Maybe there’s truth to the saying “everything old is new again.”

Only this time, the new stuff seems to be much, much cooler.

Tuesday, September 3, 2013

Down the shore…without the drive (or the shore)



Whether you say you’re going “to the beach” or “down the shore,” you probably mean some large expanse of sandy ground near an even larger expanse of water. 

This summer, the beach took on completely new meanings in places not terribly near the sea.

Take Paris, for example. Yes, Paris. That city far, far from sea or bay or channel. It’s basically landlocked, except for the Seine River.

In 2002, the mayor of Paris began a novel experiment that has lasted to this day. For four weeks each summer, from 8:00 am till midnight, people in the city are treated to a Seine-side holiday.

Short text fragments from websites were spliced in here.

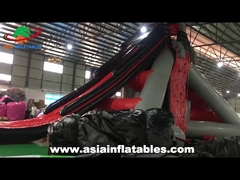 Inflatable Floating Water Slide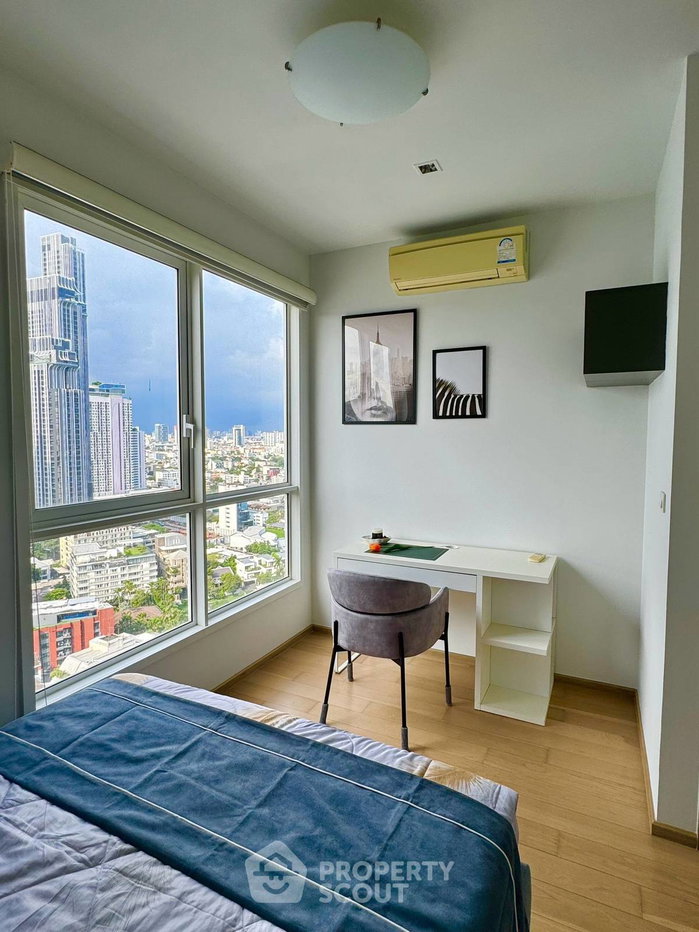 รูป คอนโด 2 ห้องนอน 100 ตร.ม. ชั้นสูง ที่ HQ Thonglor ใกล้ BTS ทองหล่อ (ID 1869506) - รูปที่ 11/14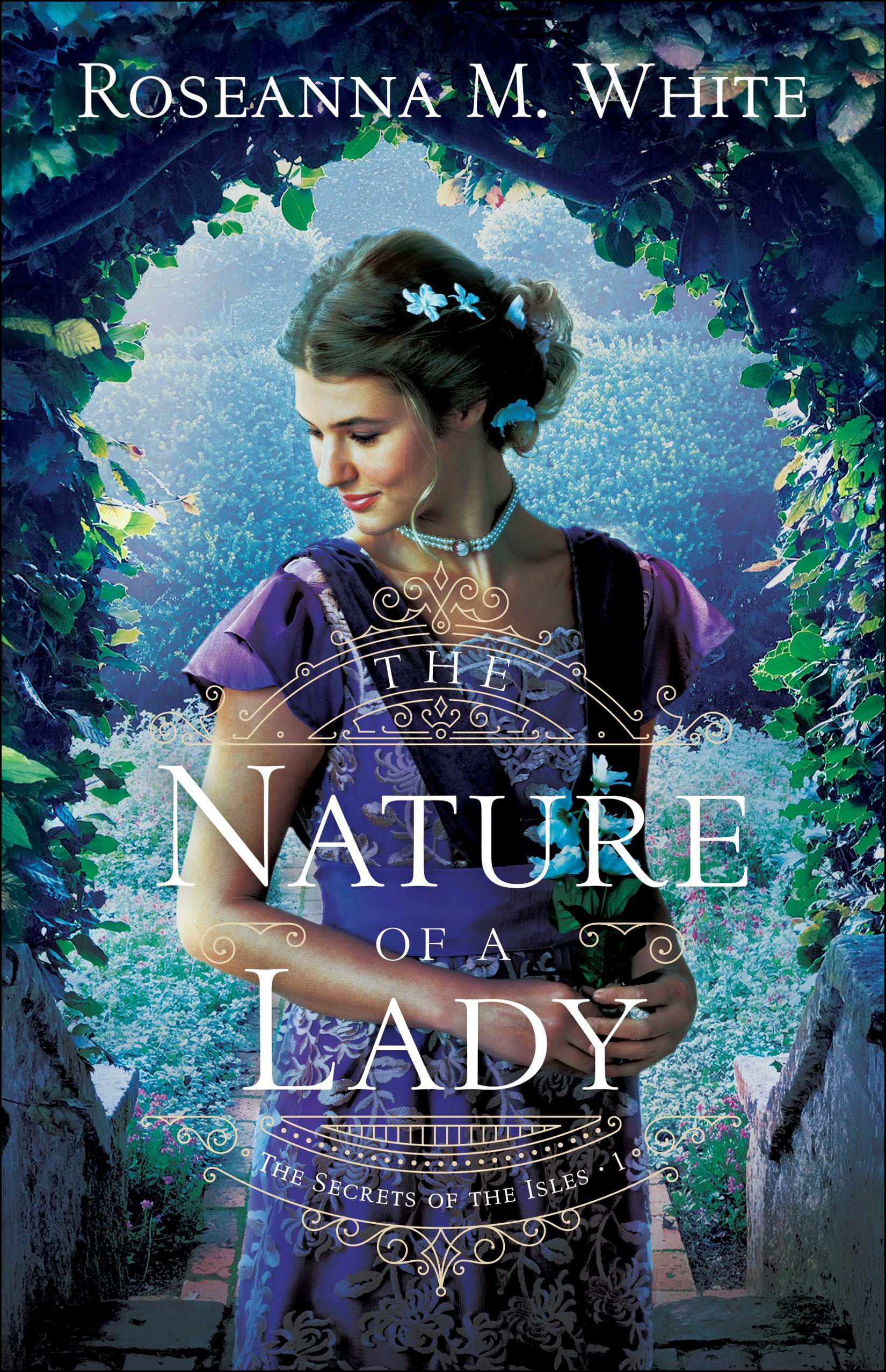 The Nature of a Lady: (A Mysterious English Historical Romance Set in Early 1900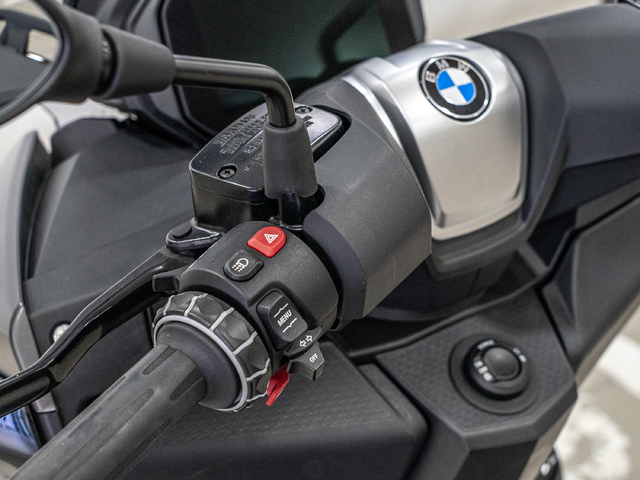 BMW Motorrad C 400 GT  de ocasión 
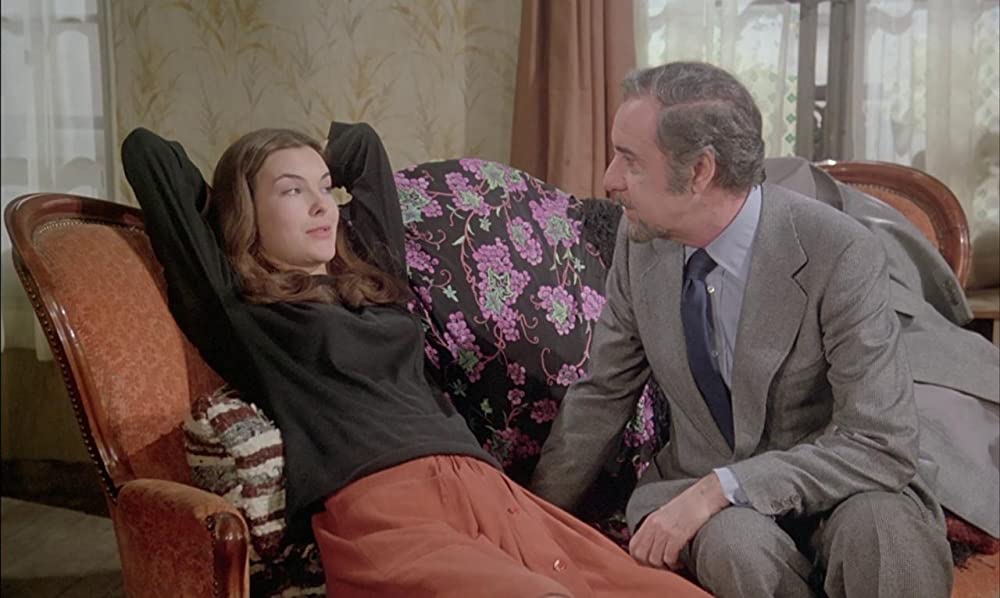 「欲望のあいまいな対象」の画像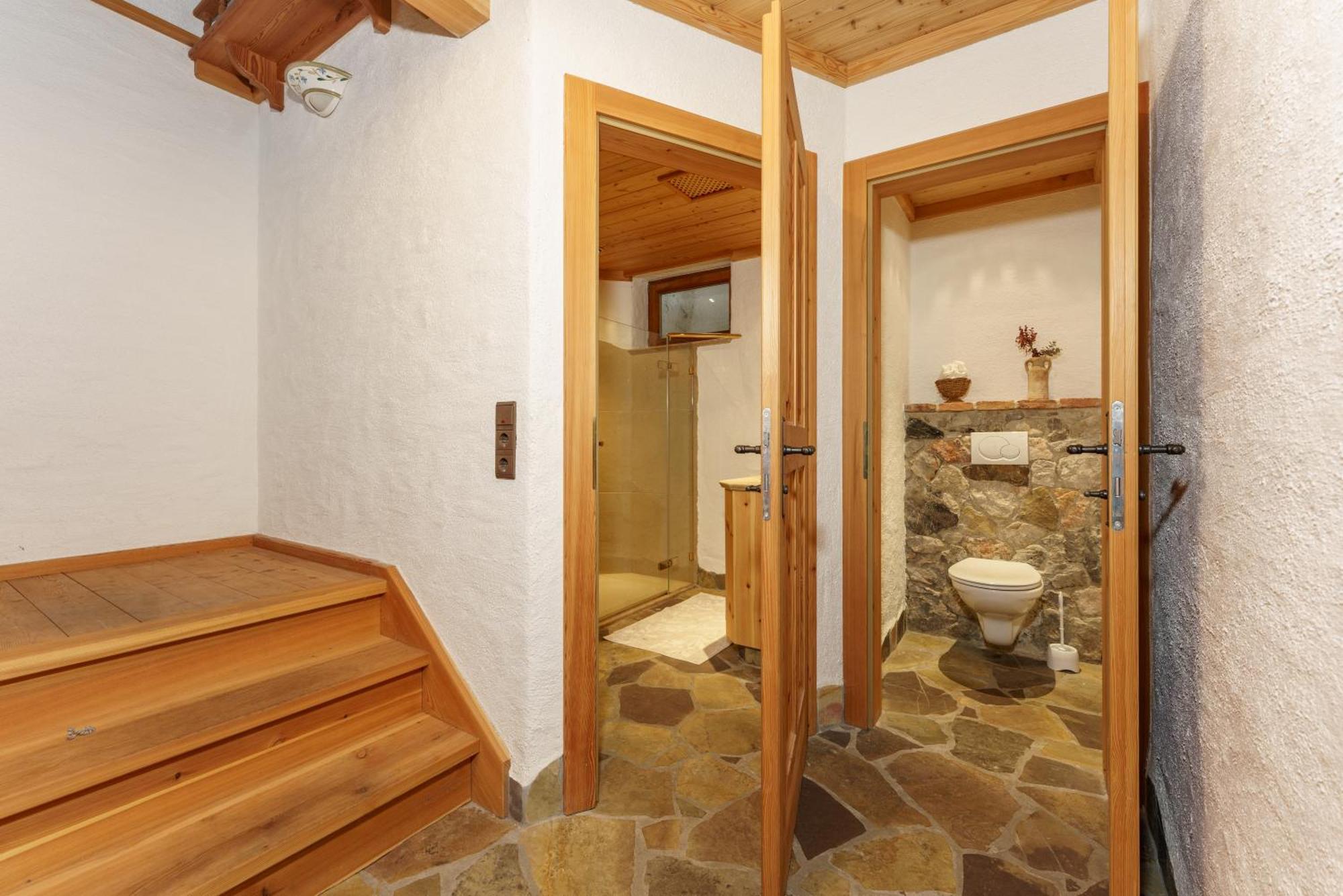 Brandhof - Chalet Am Berg Ramsau am Dachstein Zewnętrze zdjęcie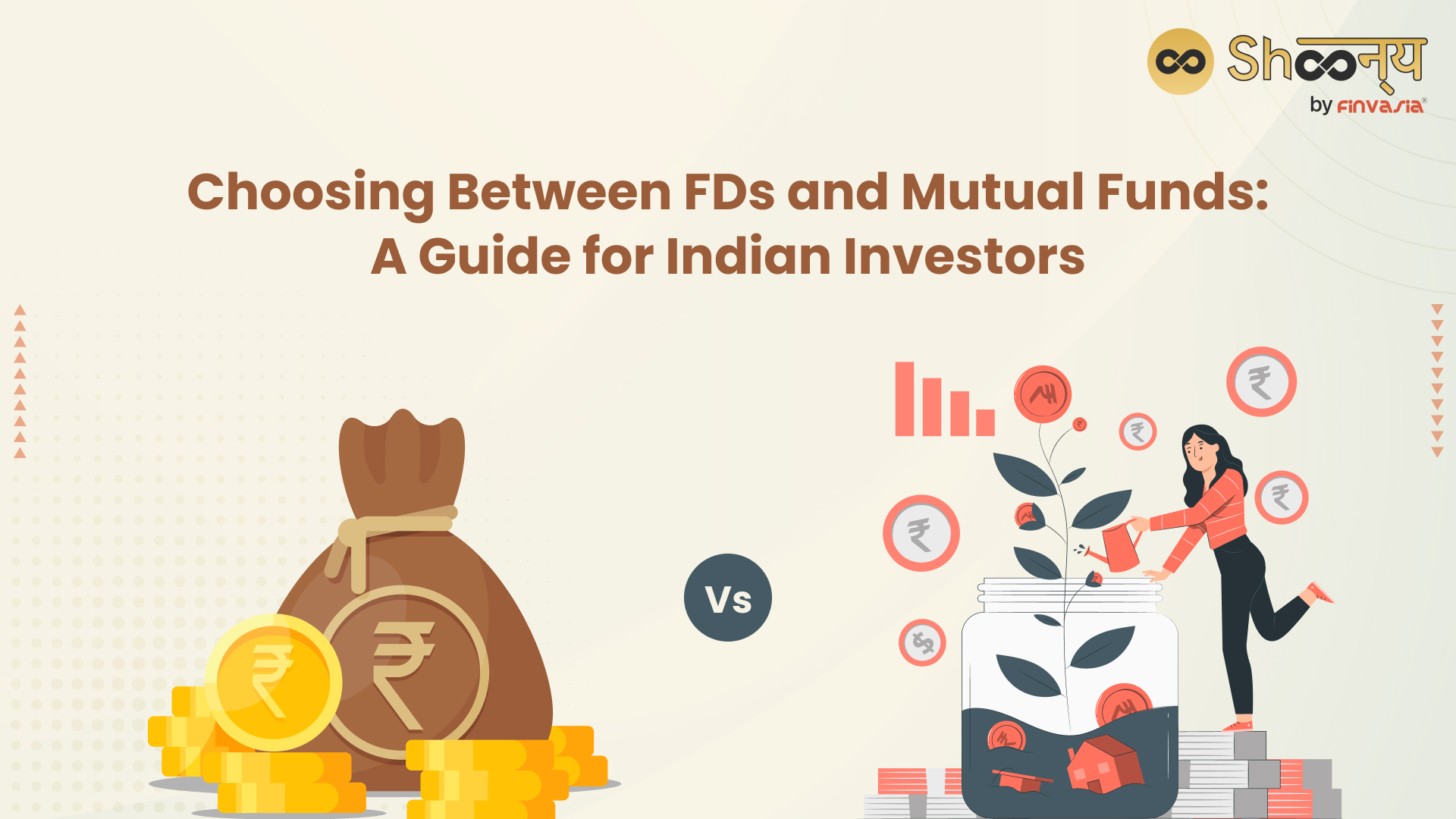 FD vs Mutual Fund: Which Is Better for Your Money?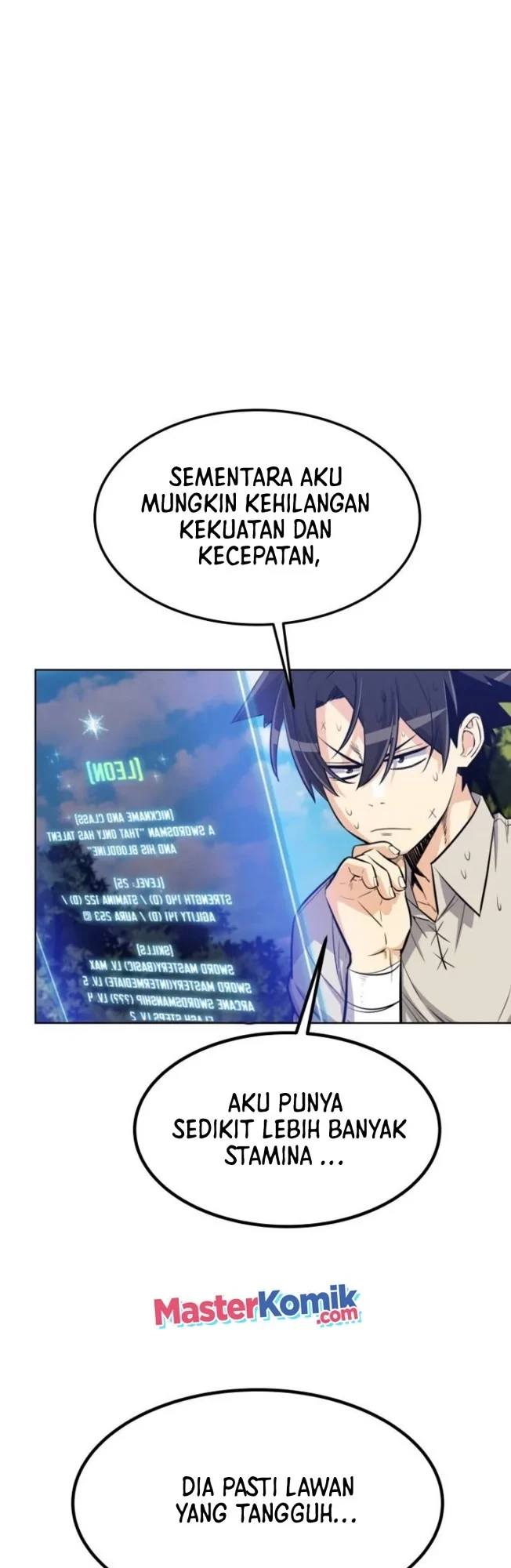 Halaman 27 — Disciple of the Holy Sword Chapter 12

The Paris Plages (Paris Beaches) are for those who flock to or can’t leave the city during late summer. The banks of the Seine become a pedestrian walkway, with sand beaches, deckchairs, recreational areas, refreshment stands, and above-ground pools (because you can’t swim in the Seine – and, really, who would want to).

Since then, other European cities have followed suit.

Berlin opens beach bars on the Spree, where “[p]alm trees, swimming pools and canopied beach chairs stand in the middle of the city.”

In the U.K., there’s the Bristol urban beach, Birmingham’s urban beach in nearby Northfield, and the Nottingham Riviera, among others.

Now the trend has jumped the pond, and “urban beaches” are hitting home. Not just in the U.S., but right in my backyard of Philadelphia.

For the first time this year, Philadelphia opened a pop-up beach on the Benjamin Franklin Parkway.

The site, about the size of a football field, was open from July 19 through August 18, allowing kids to dig in the sand at Eakins Oval, with the iconic Art Museum as a backdrop.

These pop-up, urban oases are a refreshing concept.

Even without the roar of the surf in the background, they bring a little bit of beach bliss to those in a hot town. Summer in the city.